Uma delas, diz, é confundir lugar de fala com representatividade. ”Uma das maiores confusões é o conceito ser entendido como interdito, ou seja, de não poder falar. Mas estamos falando sobre o que já está posto e é ensinado, do privilégio branco de sempre definir o outro, de ter o monopólio epistêmico, e do incômodo deles em se colocar no lugar do outro”, pontua.    Sobre o triângulo Lilia, Beyoncé e lugar de fala, ela diz que é um caso onde o debate se aplica bem. “Gosto muito da Lilia e  respeito seu trabalho, mas do lugar social que ela vem, ela não consegue perceber que algumas questões são muito caras às mulheres negras, como mandar que elas saiam  da sala de jantar, um lugar que as mulheres negras só estavam historicamente para servir”. Antônio Pitanga e Rocco Pitanga em Embarque Imediato, de Aldri Anunciação (Foto: Leto Carvalho/divulgação) Falas em primeira pessoa

Autor da Trilogia do Confinamento – que reúne os textos teatrais Namíbia, Não, Campo de Batalha e Embarque Imediato – e criador do Festival Dramaturgias da Melanina Acentuada, Aldri Anunciação afirma que prefere se referir a lugar de fala com “fala em primeira pessoa”, já que, pontua, as subjetividades negras já foram muito narradas “em terceira pessoa. Ele diz que estas e outras produções em que está envolvido, como o programa Conversa Preta, da TV Bahia, é sempre uma busca desta necessidade de fala. Aldri foi um dos apresentadores e roteiristas da atração, que teve três edições e terminou no último sábao (29).
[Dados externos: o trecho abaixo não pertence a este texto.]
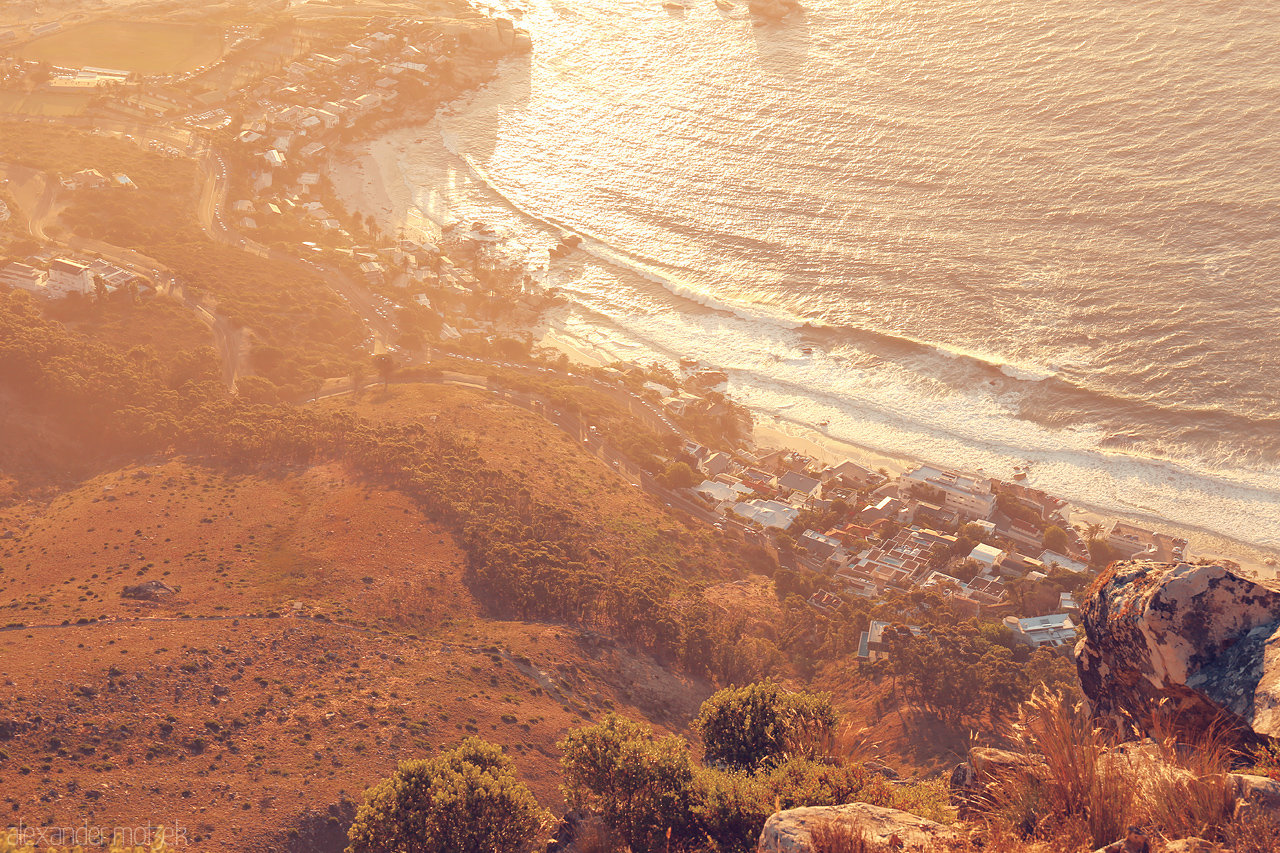 Foto von Bask in the golden sunset over Lion's Head, Cape Town, where ocean waves meet rugged beauty. Unity in nature's harmony.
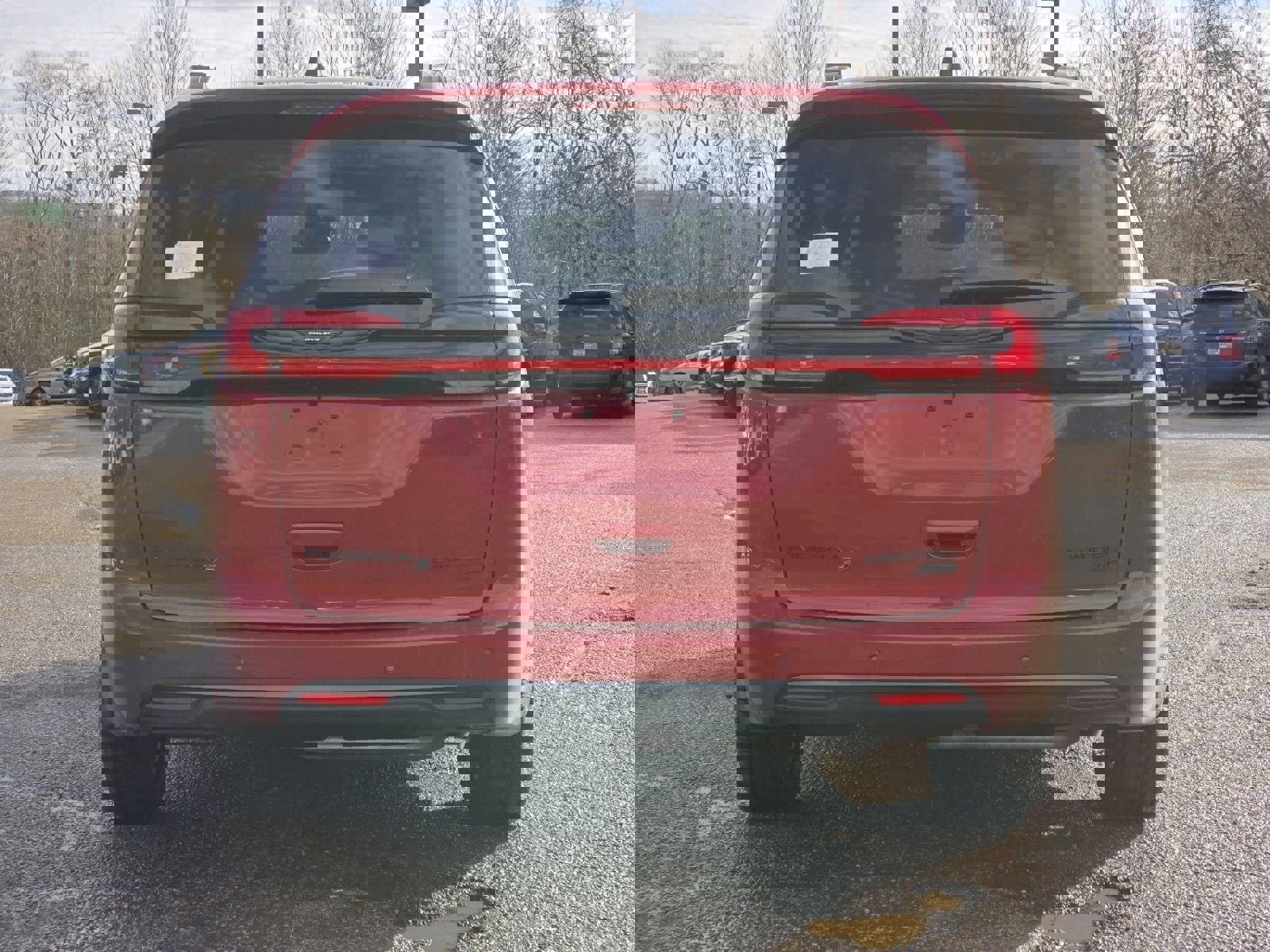 New 2026 Chrysler Pacifica Limited image 11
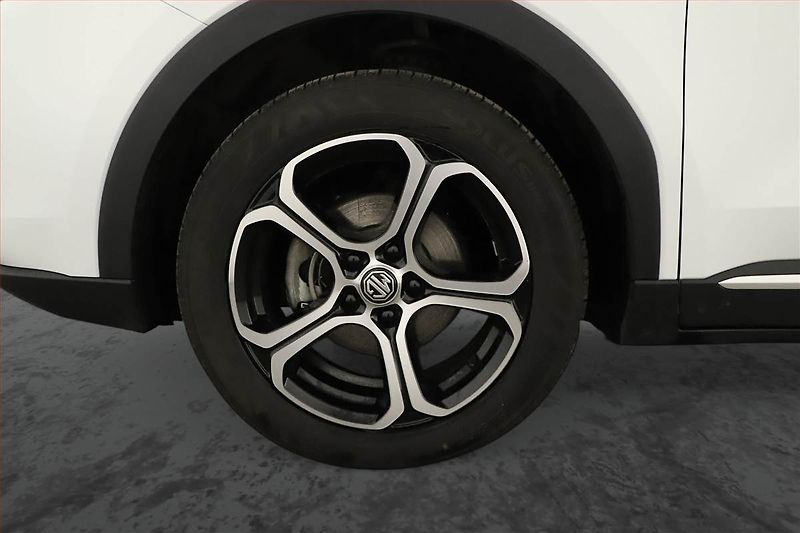 MG ZS (2025) 1.5 i, Elegance, Navigace - fotka 12 z 17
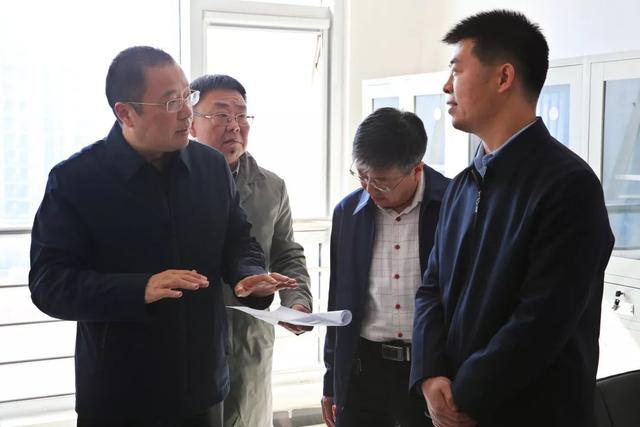 禹州市政法委书记、公检法三长到我院派驻公安局办公室调研 禹州市政法委书记、公检法三长到我院派驻公安局办公室调研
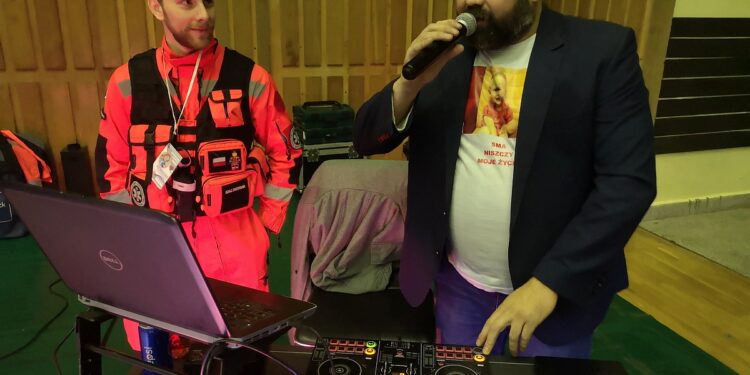 Tarnobrzeg. Sandomierz. Tańczyli, grali, sprzedawali ozdoby i smakołyki dla Bartoszka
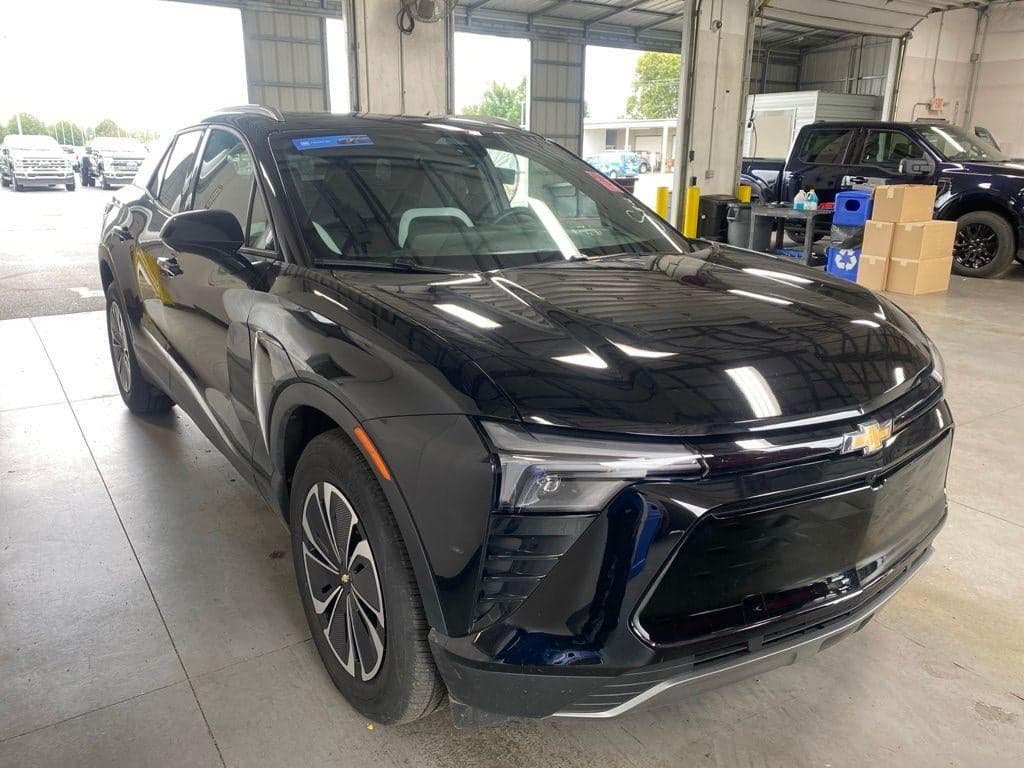 2024 Chevrolet Blazer EV LT — photo 1 of 25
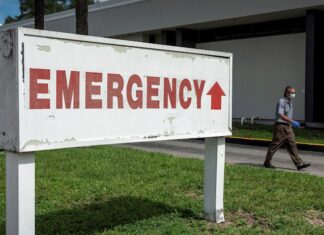El doctor Fauci contradice a Trump y dice que EE.UU. hará más test, no menos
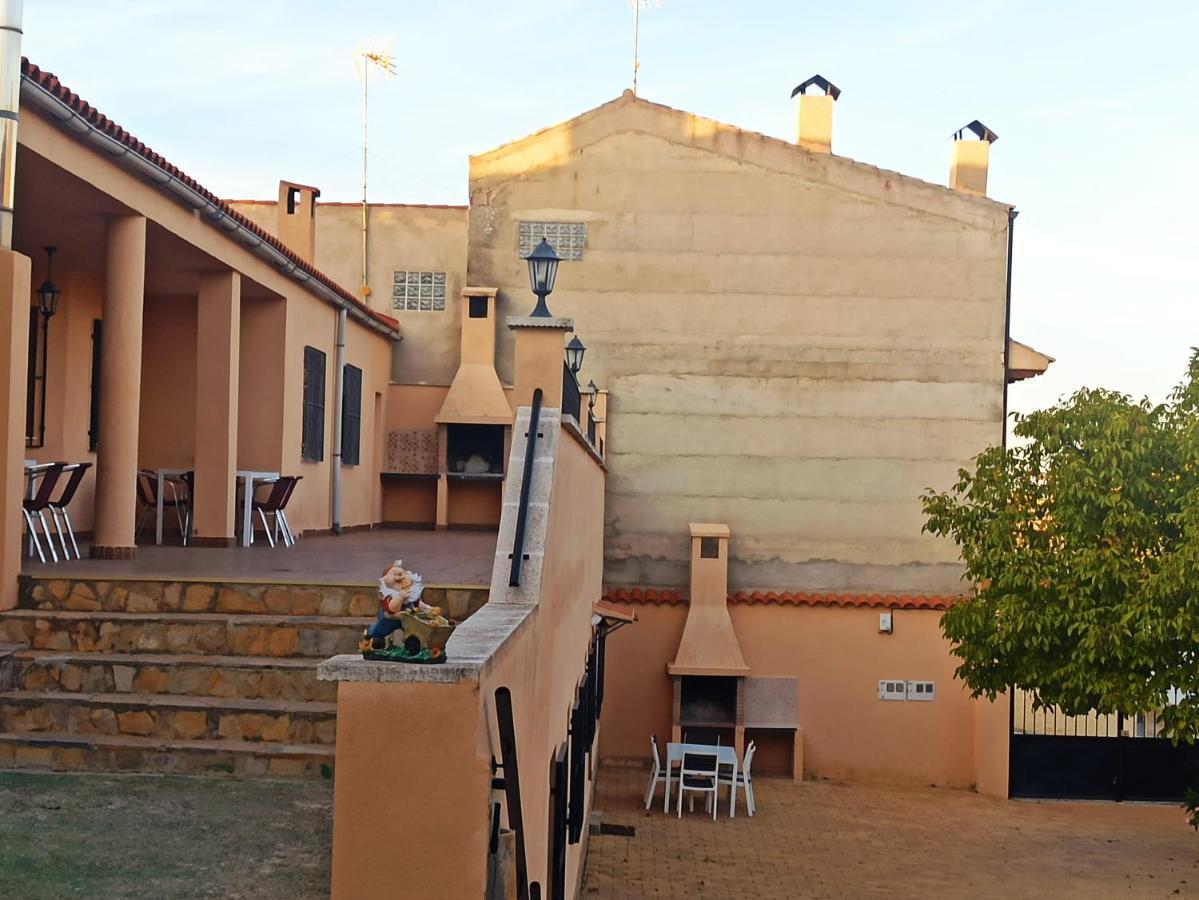 Casas Rurales Montemayor Casas de Lazaro Exterior photo
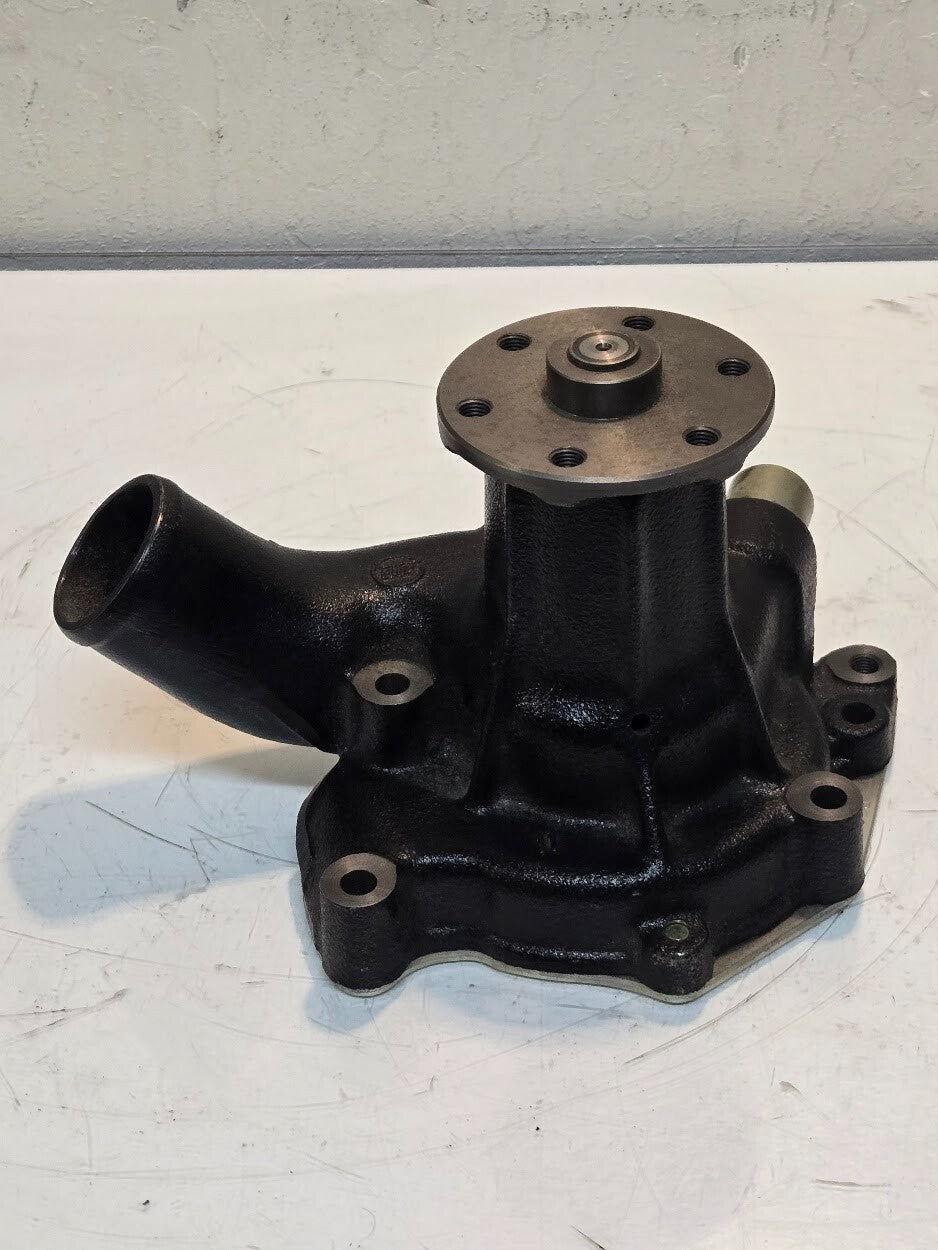 Water Pump JC08 for Isuzu 4HK1 | 6x8.5mm Impeller Drive Mounting Holes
“Estes trabalhos são frutos de uma reflexão sobre a importância deste conteúdo que a gente consegue produzir a partir deste lugar de fala. É importante que pessoas que pensem ou se aproximem desta questão tenham generosidade de entender que não é apenas uma questão de formato, é antes de tudo uma questão de conteúdo”, destaca. 

No caso do festival, que acontece anualmente e reúne dramaturgos, encenadores e pesquisadores negros, Aldri explica que a ideia é discutir poéticas, formatos e conteúdos produzidos “em primeira pessoa”. “O festival é uma válvula de escape e um espaço de escoamento deste conteúdo que não têm espaço de reverberação (na imprensa, no cinema, na televisão). Quase toda ficção produzida sobre a negritude passa por um olhar não negro. É válido, mas desequilibra. Tentamos dar equilíbrio neste lugar, neste jogo de força e produção”.

Narrando suas vivências em livros como E Se Eu Fosse Puta? (Hoo Editora/contos) e Vida Trans: A Coragem de Existir – A Luta dos Transgêneros Brasileiros em Busca por um Espaço Social (Astral Cultural/ensaio) a escritora transexual paulista  Amara Moira  afirma que gosta da maneira como Djamila Ribeiro trabalha o conceito lugar de fala, mas odeia a maneira como ele circula na prática das interações sociais, reforçando o nós versus eles.     “O conceito é intrigante como denúncia da maneira como a sociedade organiza, de um lado, quem pode falar e ser escutado e, de outro, quem deve escutar e ser calado, permitindo que a gente problematize essa dinâmica, mas isso é diferente de dizer que quem sofre as opressões é a única pessoa que precisa ser escutada ou que deve falar ou que entende o problema”, reflete. A partir dele, pontua, podemos cobrar que a sociedade não normalize a exclusão  de determinados grupos do diálogo. “É possível correlacionar, por exemplo, machismo e baixa participação de mulheres na política institucional, mas nada indica que mulheres, só por serem mulheres, farão diferente, ou melhor, do que os homens. Não podemos cair nessa armadilha. Não há nada a se comemorar por figuras como Damares ocuparem espaços de poder”.

Amara chama atenção para a importância de treinar nossos olhares, de estudar o que já se construiu e fugir do empirismo. “É preciso ler literatura trans? Super, mas que isso não signifique que não temos nada a aprender com Fernando Pessoa”, reflete Amara, que defendeu  tese de doutorado na Unicamp sobre  A Indeterminação de Sentidos no Ulysses de James Joyce. “Nesse momento, eu tenho sentido bastante falta de uma fala que consiga articular alianças possíveis para um mundo possível, ao invés de só ressaltar diferenças irreconciliáveis”.